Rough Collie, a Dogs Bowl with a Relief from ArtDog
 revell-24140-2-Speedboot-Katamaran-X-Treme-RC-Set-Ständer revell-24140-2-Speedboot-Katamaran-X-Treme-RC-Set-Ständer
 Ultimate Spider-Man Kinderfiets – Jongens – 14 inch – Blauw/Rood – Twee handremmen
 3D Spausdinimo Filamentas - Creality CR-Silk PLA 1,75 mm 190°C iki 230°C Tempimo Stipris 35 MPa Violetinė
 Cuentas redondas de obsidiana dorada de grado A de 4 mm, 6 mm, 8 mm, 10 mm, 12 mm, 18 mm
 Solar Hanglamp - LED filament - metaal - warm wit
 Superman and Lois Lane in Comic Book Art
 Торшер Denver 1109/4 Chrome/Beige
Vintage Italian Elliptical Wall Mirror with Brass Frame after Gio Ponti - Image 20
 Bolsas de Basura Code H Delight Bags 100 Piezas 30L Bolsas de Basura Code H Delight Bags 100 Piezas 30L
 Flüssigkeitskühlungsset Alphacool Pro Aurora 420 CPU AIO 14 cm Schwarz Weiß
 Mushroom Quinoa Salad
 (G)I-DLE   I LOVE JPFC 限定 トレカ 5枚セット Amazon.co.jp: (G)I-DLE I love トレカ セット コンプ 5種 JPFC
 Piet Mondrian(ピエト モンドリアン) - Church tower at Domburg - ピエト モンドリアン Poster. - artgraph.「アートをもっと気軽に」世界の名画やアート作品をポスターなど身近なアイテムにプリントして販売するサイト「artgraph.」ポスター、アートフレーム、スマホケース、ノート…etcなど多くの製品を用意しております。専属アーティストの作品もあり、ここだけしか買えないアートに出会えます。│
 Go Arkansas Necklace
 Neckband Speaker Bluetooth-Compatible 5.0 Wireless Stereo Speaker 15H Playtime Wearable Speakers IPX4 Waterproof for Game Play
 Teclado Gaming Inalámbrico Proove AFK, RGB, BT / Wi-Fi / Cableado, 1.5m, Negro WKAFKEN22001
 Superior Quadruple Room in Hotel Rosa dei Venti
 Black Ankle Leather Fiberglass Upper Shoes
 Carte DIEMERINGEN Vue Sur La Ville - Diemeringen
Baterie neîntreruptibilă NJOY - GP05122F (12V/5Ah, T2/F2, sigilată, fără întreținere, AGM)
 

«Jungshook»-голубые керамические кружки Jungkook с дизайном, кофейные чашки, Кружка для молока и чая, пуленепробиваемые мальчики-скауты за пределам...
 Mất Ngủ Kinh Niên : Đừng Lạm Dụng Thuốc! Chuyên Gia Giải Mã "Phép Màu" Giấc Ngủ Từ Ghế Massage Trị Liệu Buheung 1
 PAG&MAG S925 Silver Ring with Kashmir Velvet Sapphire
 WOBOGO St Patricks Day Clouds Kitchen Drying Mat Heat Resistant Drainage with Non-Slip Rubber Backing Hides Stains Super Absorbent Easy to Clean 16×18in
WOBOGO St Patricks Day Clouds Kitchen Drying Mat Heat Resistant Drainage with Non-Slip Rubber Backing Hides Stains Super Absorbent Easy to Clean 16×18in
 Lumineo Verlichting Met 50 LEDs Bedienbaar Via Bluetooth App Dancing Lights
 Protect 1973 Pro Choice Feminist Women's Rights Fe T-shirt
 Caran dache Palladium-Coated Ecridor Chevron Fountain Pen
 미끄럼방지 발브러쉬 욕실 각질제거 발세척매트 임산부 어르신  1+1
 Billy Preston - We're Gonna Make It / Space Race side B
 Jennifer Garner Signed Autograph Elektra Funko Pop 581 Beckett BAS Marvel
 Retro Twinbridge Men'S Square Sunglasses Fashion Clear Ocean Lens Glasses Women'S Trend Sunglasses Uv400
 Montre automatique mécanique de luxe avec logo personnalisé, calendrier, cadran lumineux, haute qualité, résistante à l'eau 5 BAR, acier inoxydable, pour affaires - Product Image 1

▸ Task brief
A single number is needed: how many lines of the material contain the word "WOBOGO".

▸ Result of this task
2